┌────────

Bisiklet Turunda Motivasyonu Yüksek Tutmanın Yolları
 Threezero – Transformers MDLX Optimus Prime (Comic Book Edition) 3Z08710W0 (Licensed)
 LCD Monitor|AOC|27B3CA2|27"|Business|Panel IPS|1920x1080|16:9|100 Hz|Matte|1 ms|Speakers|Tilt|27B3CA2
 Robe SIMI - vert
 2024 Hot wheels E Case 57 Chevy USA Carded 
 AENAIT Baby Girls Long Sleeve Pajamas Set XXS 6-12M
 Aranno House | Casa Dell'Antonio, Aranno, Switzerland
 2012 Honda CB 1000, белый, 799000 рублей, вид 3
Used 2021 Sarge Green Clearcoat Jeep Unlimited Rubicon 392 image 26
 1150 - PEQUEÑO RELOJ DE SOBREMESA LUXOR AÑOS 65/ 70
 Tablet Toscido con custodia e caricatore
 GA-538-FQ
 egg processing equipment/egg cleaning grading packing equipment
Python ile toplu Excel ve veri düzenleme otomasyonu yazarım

└────────

● Task goal: Give back the opening line of the records above and every line after it, up to and including the one with "2024 Hot wheels E Case 57 Chevy USA Carded", unchanged.

● Your solution:
Bisiklet Turunda Motivasyonu Yüksek Tutmanın Yolları
 Threezero – Transformers MDLX Optimus Prime (Comic Book Edition) 3Z08710W0 (Licensed)
 LCD Monitor|AOC|27B3CA2|27"|Business|Panel IPS|1920x1080|16:9|100 Hz|Matte|1 ms|Speakers|Tilt|27B3CA2
 Robe SIMI - vert
 2024 Hot wheels E Case 57 Chevy USA Carded 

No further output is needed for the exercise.